Work order -> Your answer must be a word-for-word copy of the listing, with all pictures excluded.

Provided data ->
* * *

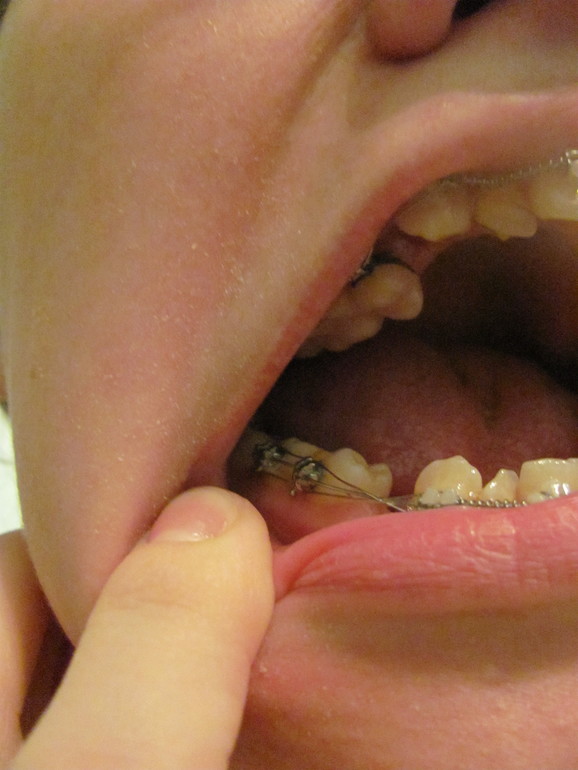 Брекета - продолжение 3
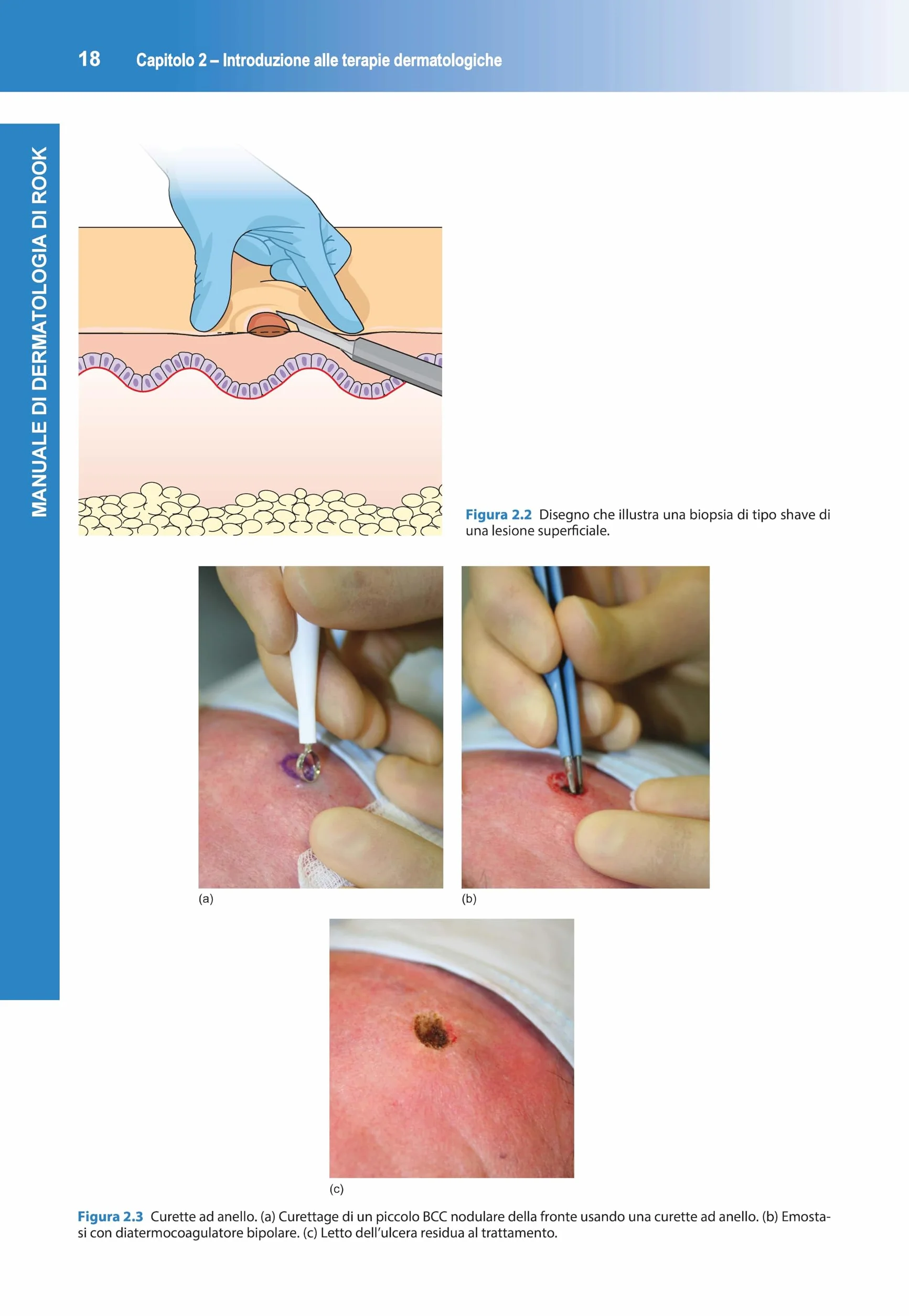 Manuale di dermatologia di Rook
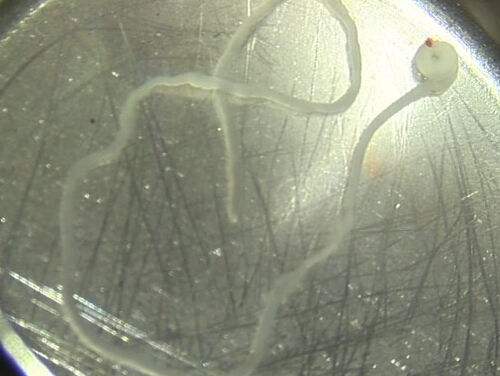 乱吃东西不注意 最后寄生虫“附体”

* * *

Answer to this exercise ->
 Брекета - продолжение 3
 Manuale di dermatologia di Rook
 乱吃东西不注意 最后寄生虫“附体”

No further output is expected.